Ги Мопассан - Сестры Рондоли
Я не сдавался:
— Полно злиться, милый мой. Жить в хорошей гостинице всегда лучше, чем в плохой, а попросить у хозяина три отдельных комнаты с общей столовой — невелик труд.
Я нажал на слово «три», и это убедило Поля.
Он обогнал нас и на моих глазах скрылся в подъезде большой красивой гостиницы, а тем временем я, неотступно сопровождаемый двумя носильщиками, таскал по другой стороне улицы свою неразговорчивую итальянку, которую держал под руку.
Наконец вернулся Поль с лицом столь же угрюмым, как у моей подружки.
— Сделал, — объявил он. — Нас поместят, но комнат всего две. Устраивайся как знаешь.
Я сконфуженно двинулся за ним: мне было стыдно входить в гостиницу с такой сомнительной спутницей.
Нам действительно отвели два номера с небольшой гостиной посередине. Я заказал холодный ужин, потом чуточку нерешительно обратился к итальянке:
— Мы сумели получить только две комнаты, сударыня. Выбирайте любую.
Она ответила неизменным Che mi fa? Тогда я поднял с полу ее черный деревянный баул, настоящий сундучок для прислуги, и отнес его в номер справа, который облюбовал для нее... для нас. На ящике была бумажная наклейка с надписью по-французски: «Мадмуазель Франческа Рондоли, Генуя».
Я полюбопытствовал:
— Вас зовут Франческа?
Она не ответила, только кивнула.
Я продолжал:
— Скоро будем ужинать. Не хотите ли пока заняться своим туалетом?

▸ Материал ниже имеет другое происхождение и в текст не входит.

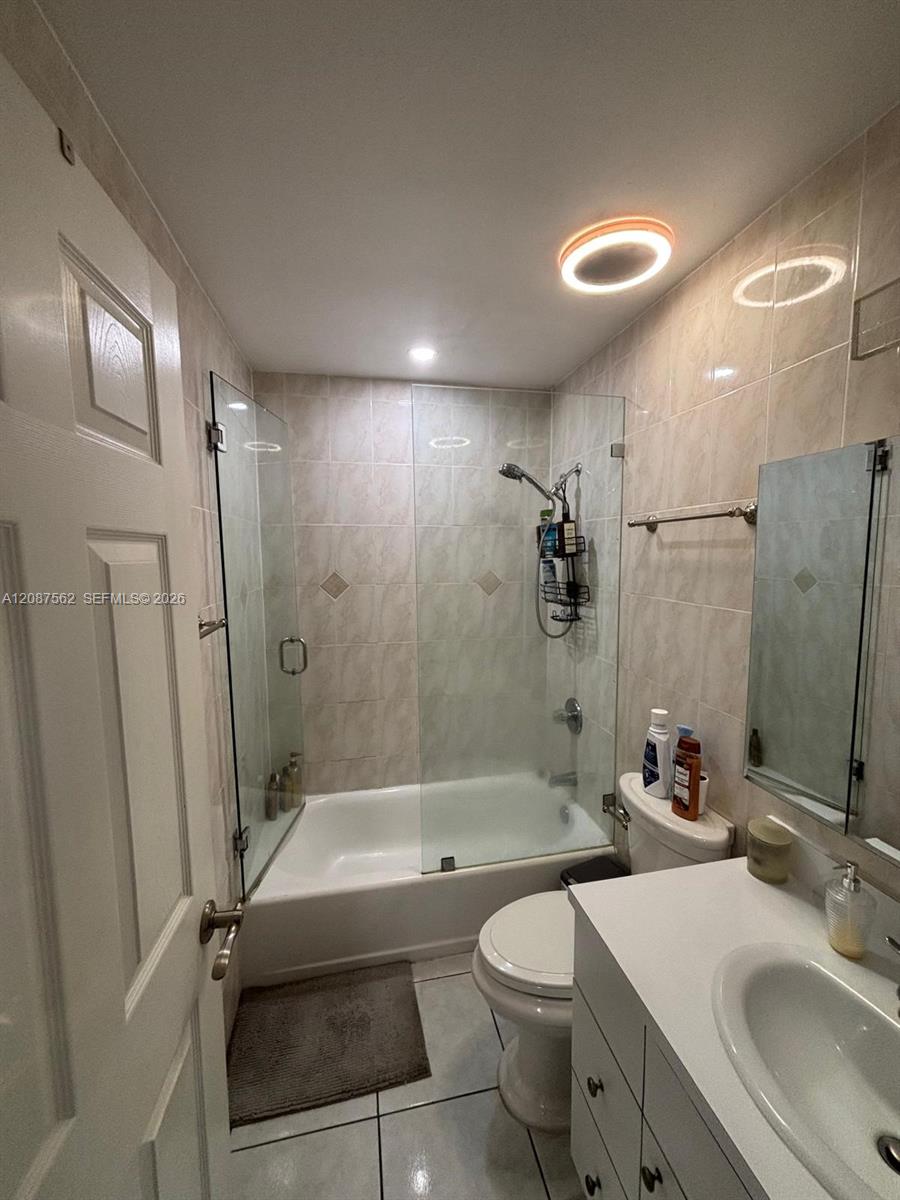 1271 3 / 2 1347 sq. ft. $ 2026-09-11 0 Photo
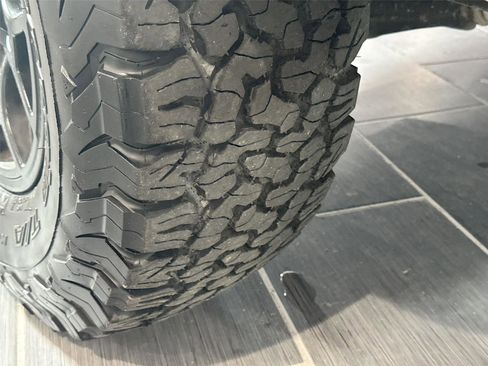 Used 2020 Toyota Tacoma SR w/ SX Package image 30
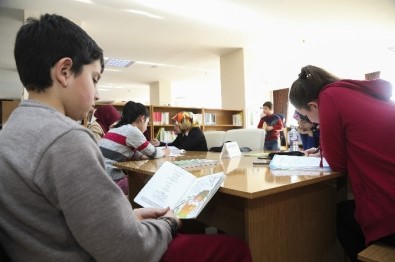 Sultanbeyli Belediyesi'nin Eğitim Atölyeleri Ders Başı Yapıyor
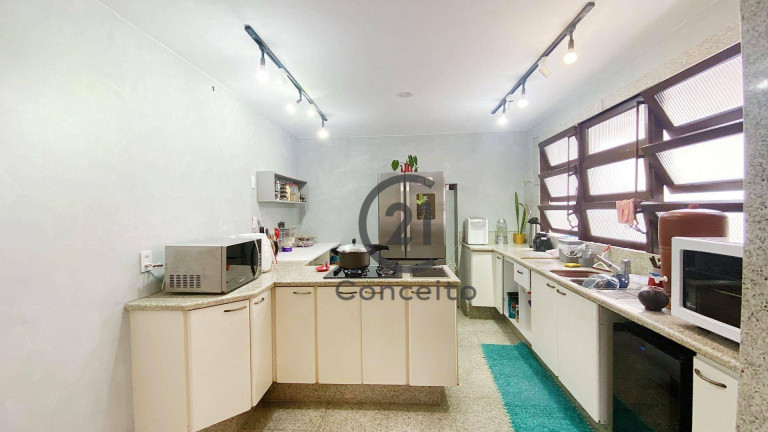 Imagem Casa com 6 Quartos à Venda, 411 m² em Trindade - Florianópolis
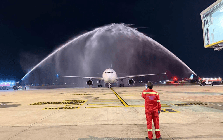Ngày 13/7, sân bay Nội Bài thực hiện nghi thức phun vòi rồng đón 1 máy bay lạ hạ cánh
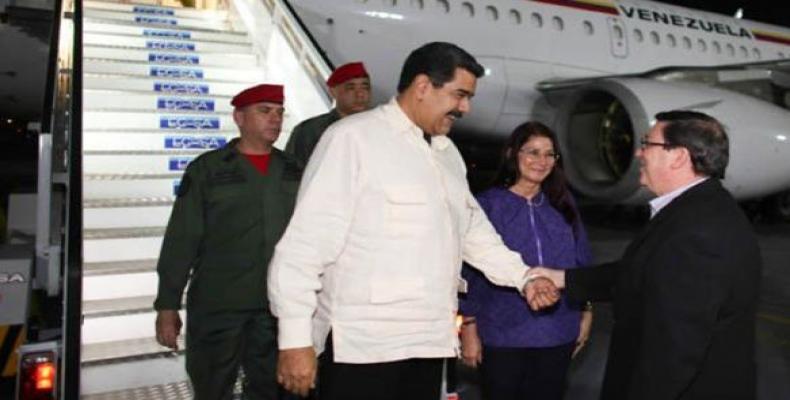 Maduro es recibido por canciller cubano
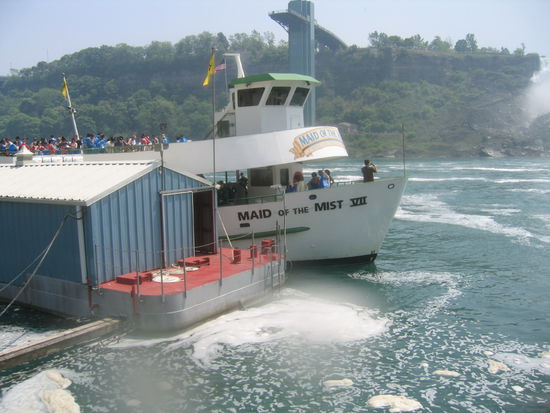 Diese Nussschale brachte uns ganz nahe an die Wasserfaelle heran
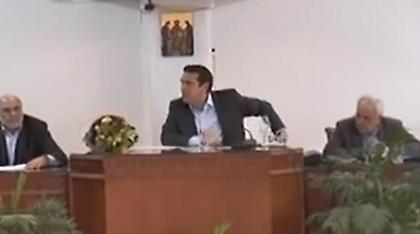 ΒΙΝΤΕΟ: Ο Τσίπρας έδιωξε τους δημοσιογράφους! – Ένταση με τους αγρότες στην Κρήτη!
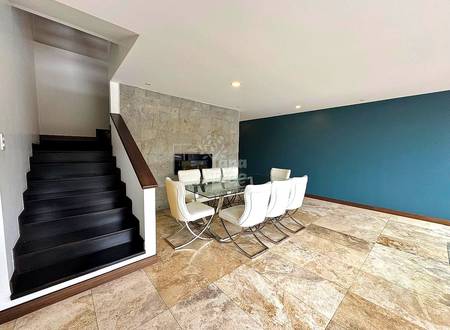 Impresionante penthouse de 2 niveles con vistas panorámicas de Turi y jacuzzi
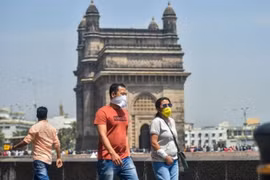 Khách du lịch đeo khẩu trang ở Mumbai. (Nguồn: telanganatoday.com)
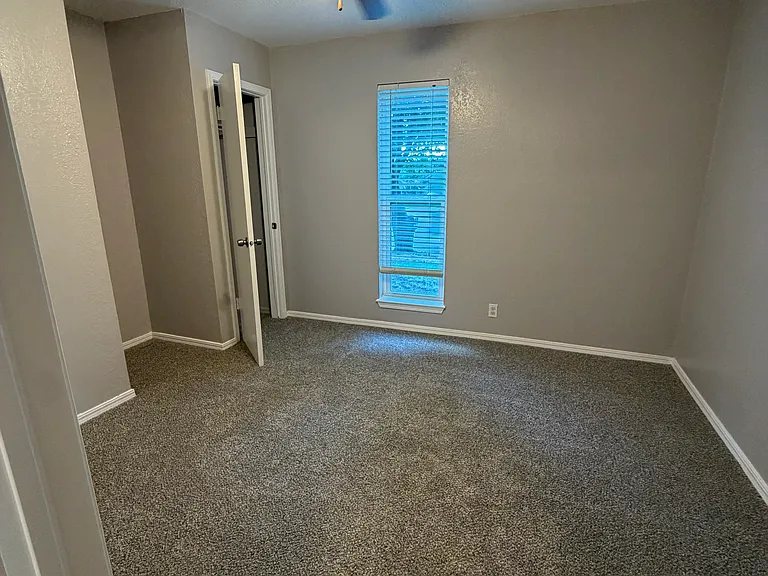 3538 N Santa Fe Ave — Photo 12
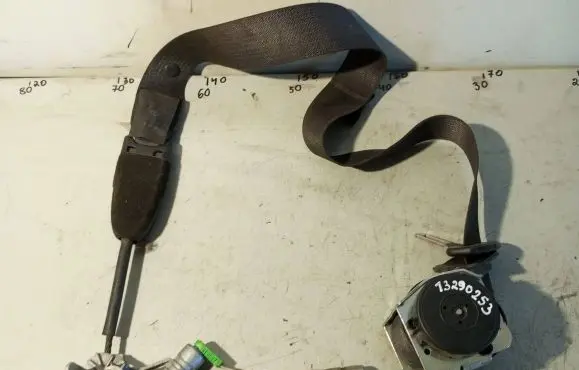 Opel Corsa D Rear seatbelt 13290253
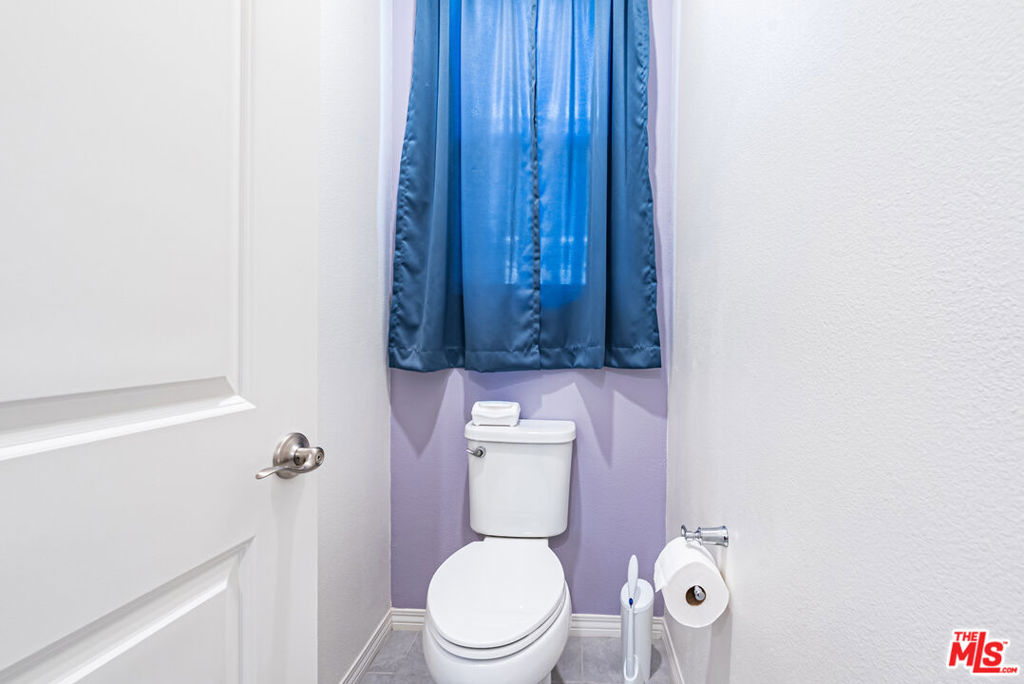 https://media.crmls.org/mediaz/c59b4c82-9b84-463d-959d-a83934bdfa8c.jpg?preset=X-Large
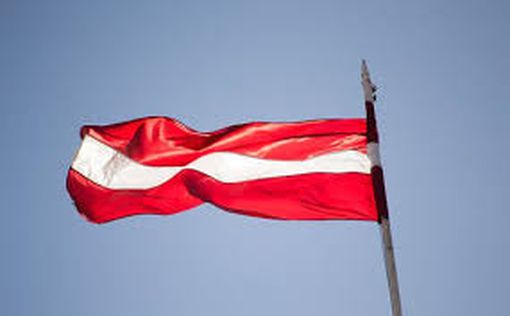 Латвия хочет постоянной дислокации на своей территории войск США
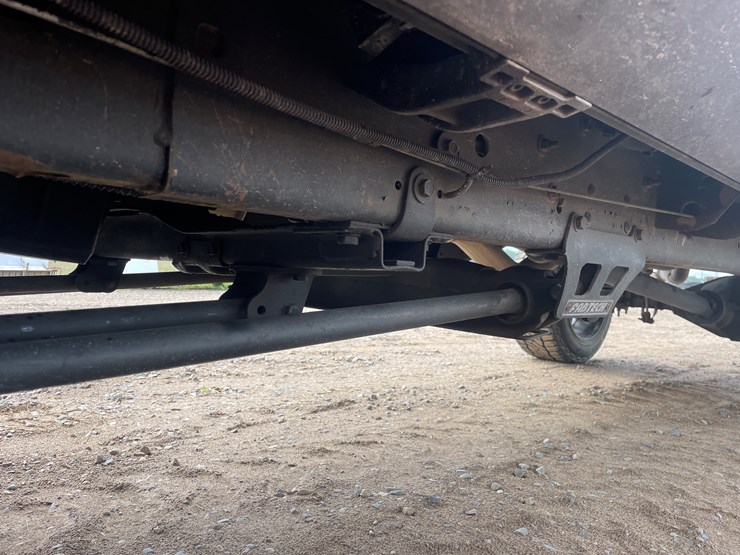 2003-chevrolet-silverado-2500-image-23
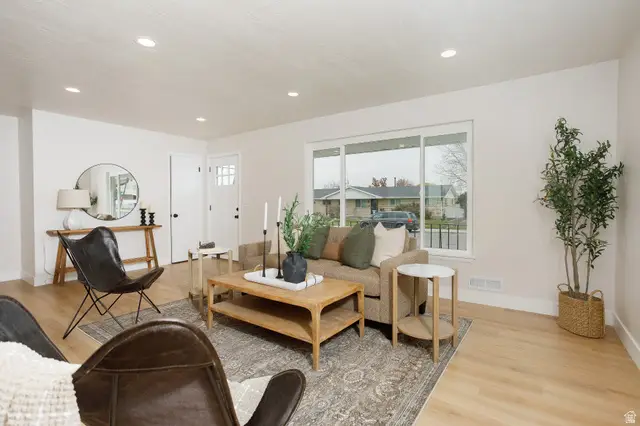 139 W Columbia Dr, Midvale, UT 84047 - Image #2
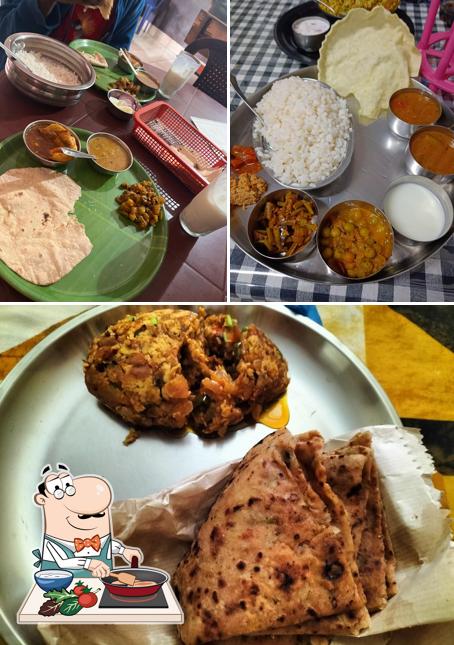 Chicken curry at Northy Mess, Manipal
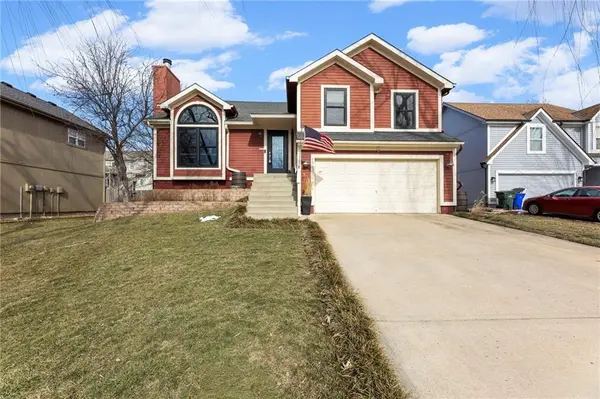 17524 SW 111th TER, Olathe, KS 66061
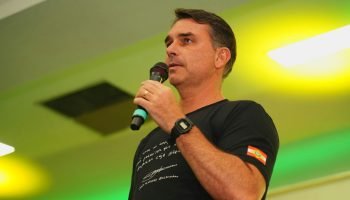 Flávio Bolsonaro confirma presença em debate da Band após recuo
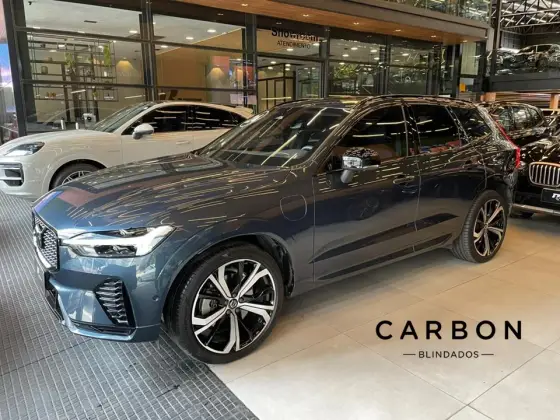 VOLVO XC60 2.0 T8 RECHARGE ULTIMATE DARK AWD GEARTRONIC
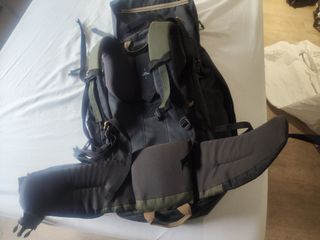 Mochila FORCLAZ trekking 60L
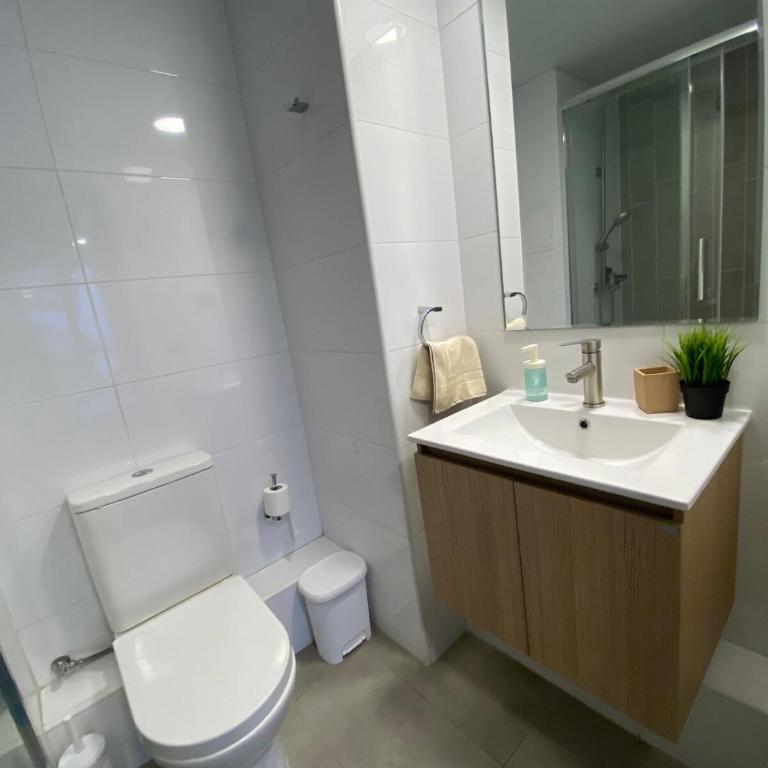 Departamento moderno cerca Metro Santa Ana , Piscina, cowork, hasta 3 personas - Apartment - 8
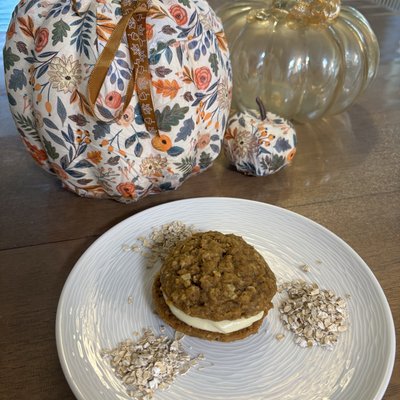 Oatmeal Crème Pie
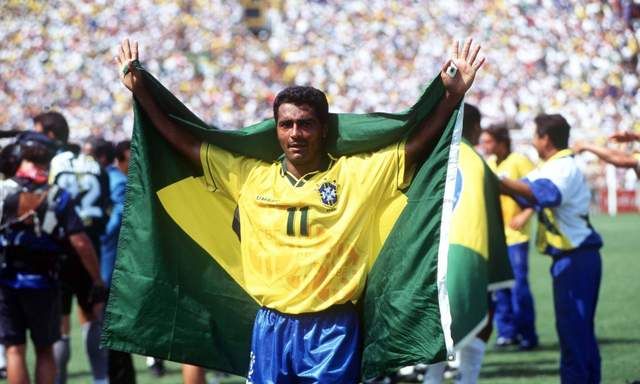 巴西历史足坛最佳十一人，卡卡 加林查 里瓦尔多都只能当替补(26)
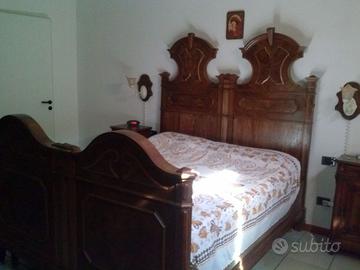 Letto antico del 700  in noce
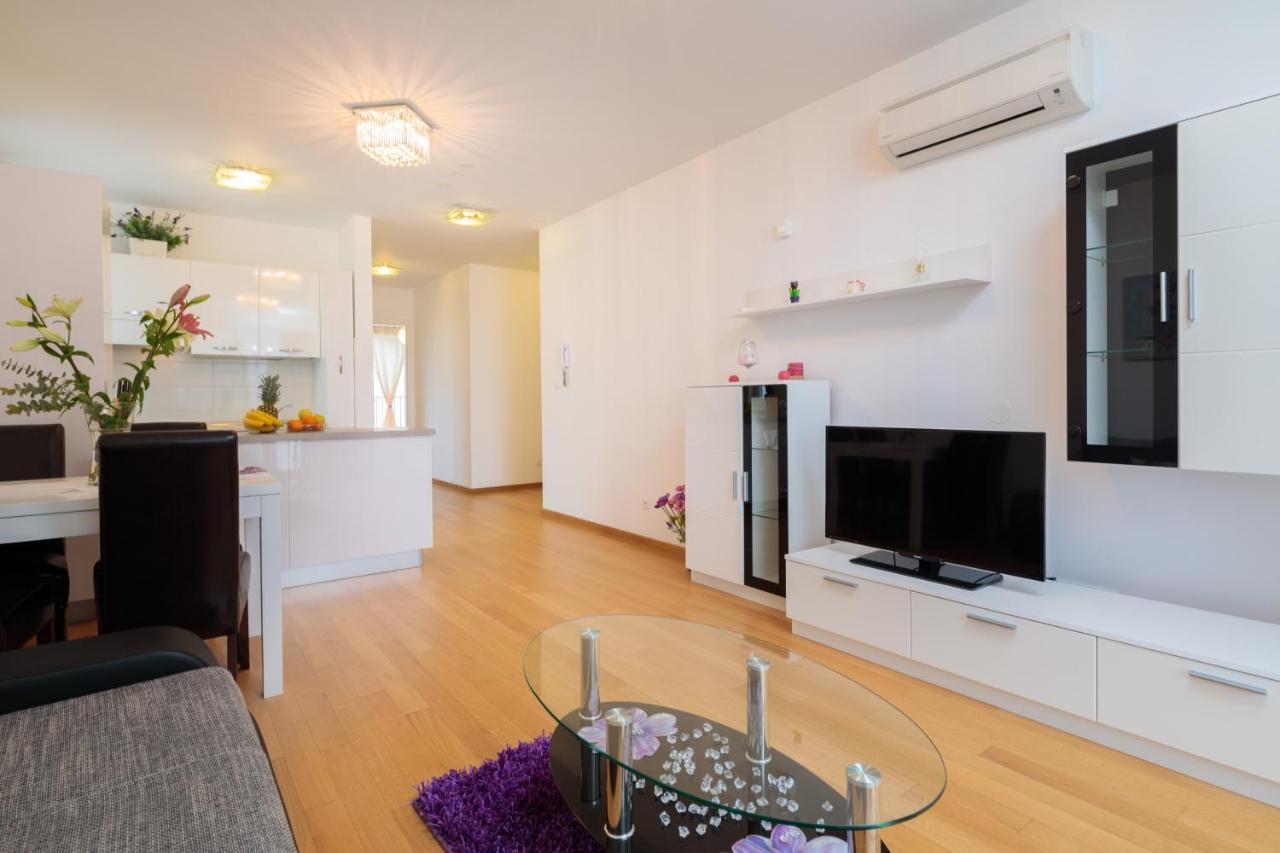 Arijana Free Private Garage Apartment *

В ответ я услышал mica — это слово звучало в ее устах не реже, чем Che mi fa? Я настаивал:
— После железной дороги так приятно привести себя в порядок!
Тут я сообразил, что у нее, вероятно, нет при себе необходимых женщине туалетных принадлежностей: совершенно очевидно, она в затруднительном положении, — скажем, только что развязалась с неудачным романом. И я принес ей свой несессер.
Я вынул оттуда все, что нужно для ухода за собой: щеточку для ногтей, новую зубную щетку — у меня всегда с собой целый набор, ножницы, пилочки, губки. Я откупорил флаконы с одеколоном, с душистой лавандой, с new mown hay[5] — пусть выбирает сама. Повесил на кувшин с водой одно из своих тонких полотенец, положил рядом с тазом непочатый кусок мыла.
Она большими сердитыми глазами следила за моими хлопотами, не выказывая ни удивления, ни удовольствия.
Я добавил:
— Здесь все, что вам требуется. Принесут ужин — позову.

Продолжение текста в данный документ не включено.